File this under “we shoulda seen it coming”. The National Labor Relations Board is taking issue with a company who fired an employee for making disparaging remarks against said employer.

The labor relations board announced last week that it had filed a complaint against an ambulance service, American Medical Response of Connecticut, that fired an emergency medical technician, accusing her, among other things, of violating a policy that bars employees from depicting the company “in any way” on Facebook or other social media sites in which they post pictures of themselves.

Lafe Solomon, the board’s acting general counsel, said, “This is a fairly straightforward case under the National Labor Relations Act — whether it takes place on Facebook or at the water cooler, it was employees talking jointly about working conditions, in this case about their supervisor, and they have a right to do that.”

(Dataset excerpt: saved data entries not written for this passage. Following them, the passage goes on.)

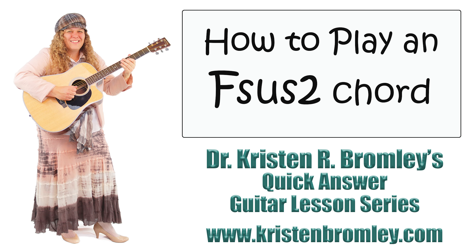This video is brought to you by Dr. Kristen R. Bromley's Guitar Method Book Series and Online Music Academy. Hi, I'm Dr. Kristen Bromley. Welcome to my online academy. I love being here helping you with playing the guitar.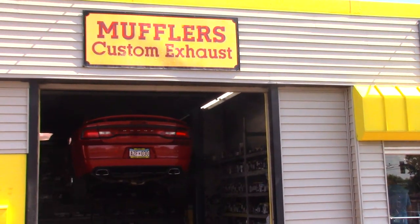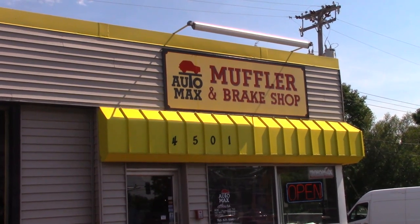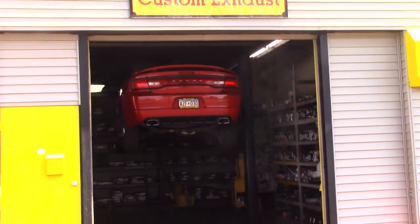Here we are with the Charger at Automax Muffler and Brake Shop, getting our resonator delete.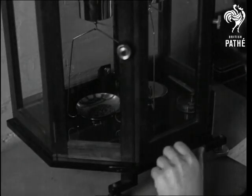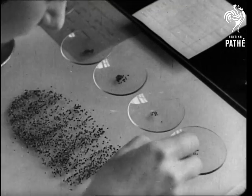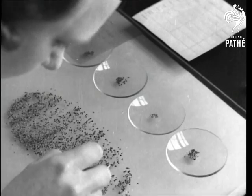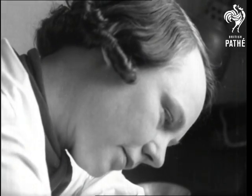Two duplicate lots are taken from each sample. Pure clover seed is separated from the weeds and other impurities in both samples, and from these the percentage of good and bad is determined.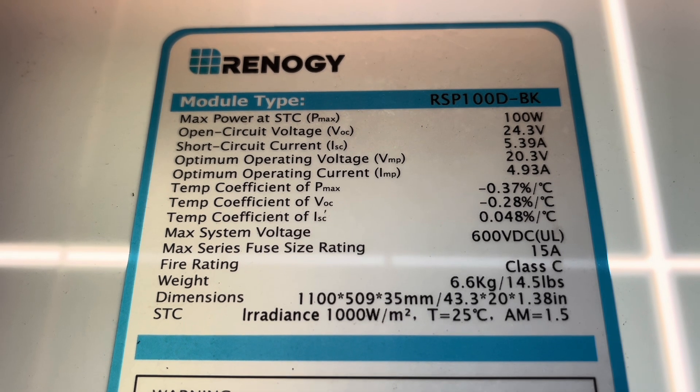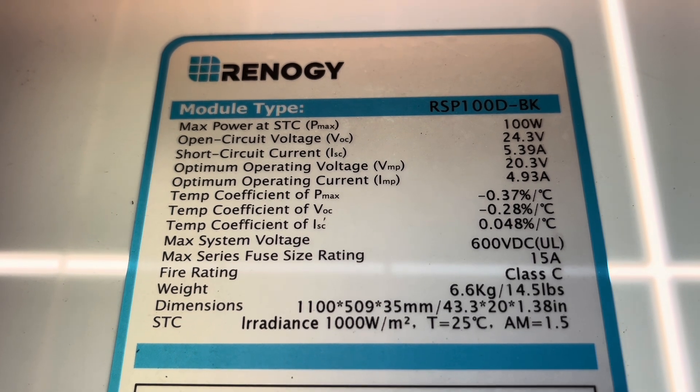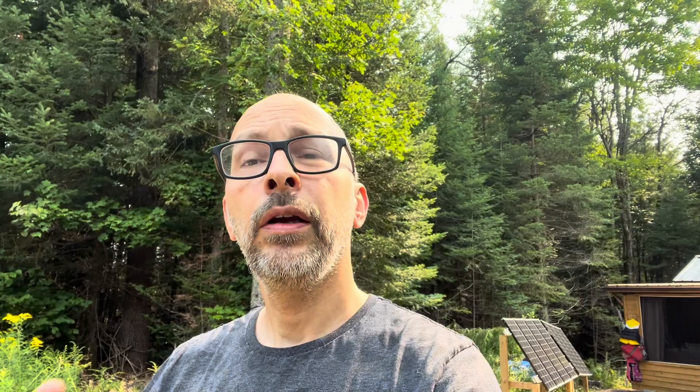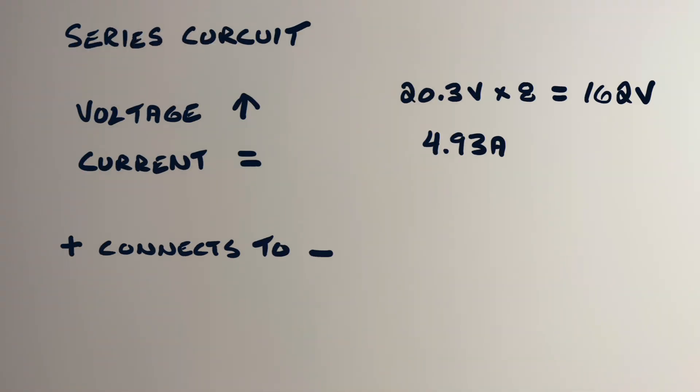Your panels will have a placard on the back, and on that placard you will see the optimum operating voltage and the optimum operating current. So when I look at my array of eight panels, if I was to connect them all in series, I would maintain the 4.93 amps, but the 20.3 volts would add throughout the series, which would give me roughly 162 volts.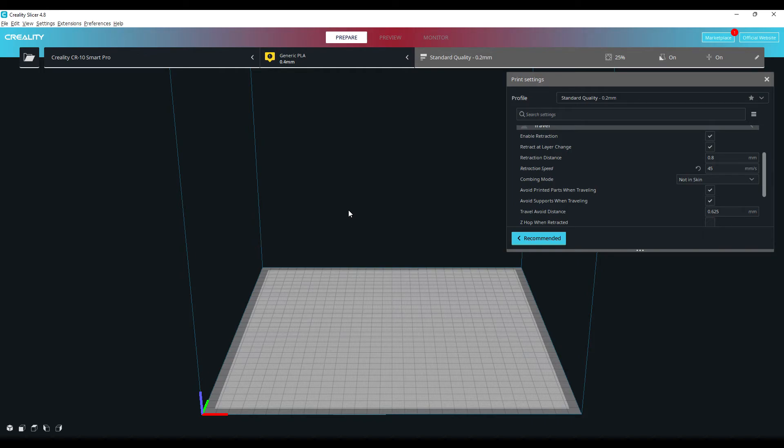I always show you the prints and they're always sliced using this program, so you can see the prints I've been producing are actually good — just using the base settings that come pre-installed. So yeah guys, just a short video to say give Creality Slicer a go and I think you'll get some really good results. Anyway, that's it from me — catch you all in the next one, cheerio!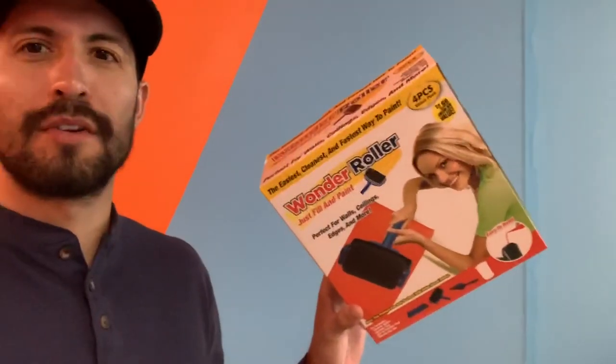Today we're reviewing this thing called the Wonder Roller. I just found it at a 99 cents store — it was actually $1.99 as you can see right at the top. I was looking for a regular paint roller but there's nothing nearby unless you drive to a Home Depot, so I figured let's just give it a shot. Honestly, I'm very skeptical — whenever you pay $1.99 for something it's probably not going to be good, and I don't have any high hopes whatsoever.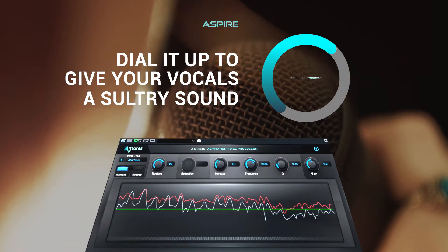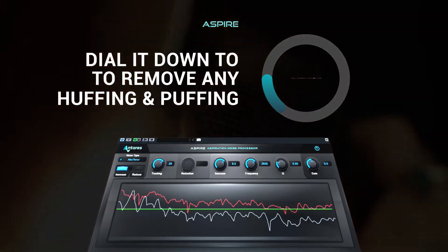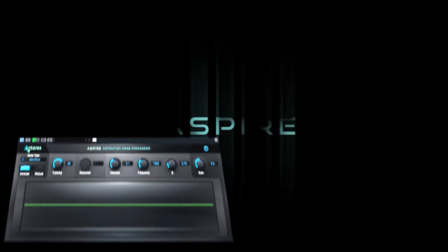Dial it up to give your vocals a sultry sound, or dial it down to remove any huffing and puffing. With Aspire, the results are breathtaking.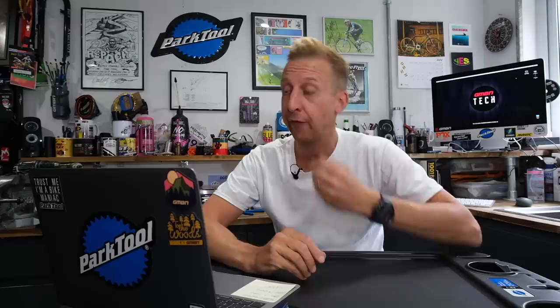Now it's time for Bike Cave — that's the place where you keep and work on your bike. It could be a full workshop or just the space under your stairs. Show us your Bike Cave, tell us what your bike is, and what you love doing to it. There's a link in the description to our uploader.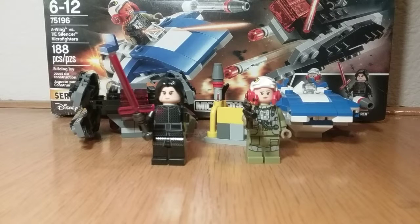Hey guys, JD here presenting set 75196 as promised. I'm going to start doing more reviews. Today we'll be reviewing set 75196, the Alien vs. TIE Silencer Micro Fighters dual pack. I picked up a couple of these back in like 2000-something ago. This is ages 6 to 12, has 180 pieces, two minifigures, and costs $20 in the US. Let's start!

It’s one thing to for employees to constructively discuss working conditions and how they need improving without the threat of backlash and another for an employee to make derisive comments about her manager on her Facebook page. In this case, Dawnmarie Souza, the terminated employee, evidently had some very choice words for her former manager when he wouldn’t allow her union to step in to defend her against a customer complaint.

Ms. Souza then mocked her supervisor on Facebook, using several vulgarities to ridicule him, according to Jonathan Kreisberg, director of the board’s Hartford office, which filed the complaint. He also said she had written, “love how the company allows a 17 to become a supervisor” — 17 is the company’s lingo for a psychiatric patient.

Really? Is this ever appropriate?

I just can’t see this particular situation being about employment rights. Ms. Souza is not a whistleblower who was terminated because she brought unfavorable conditions to light but rather an employee throwing a virtual temper tantrum in public at her manager’s expense. And while Ms. Souza may have friended co-workers on Facebook, it’s quite probable that her entire audience was not solely made of co-workers. Which may take some steam out of the “concerted protected activity” argument.

Either way, she’s got her hearing.

An administrative law judge is scheduled to begin hearing the case on Jan. 25. Marshall B. Babson, a member of the National Labor Relations Board in the 1980s, said a broad company rule that says one cannot make disparaging comments about supervisors is clearly illegal under labor law. But he said an employee’s criticizing a company or supervisor on Facebook was not necessarily protected activity.

We’ll just have to see where this goes. It’s sure to be groundbreaking either way.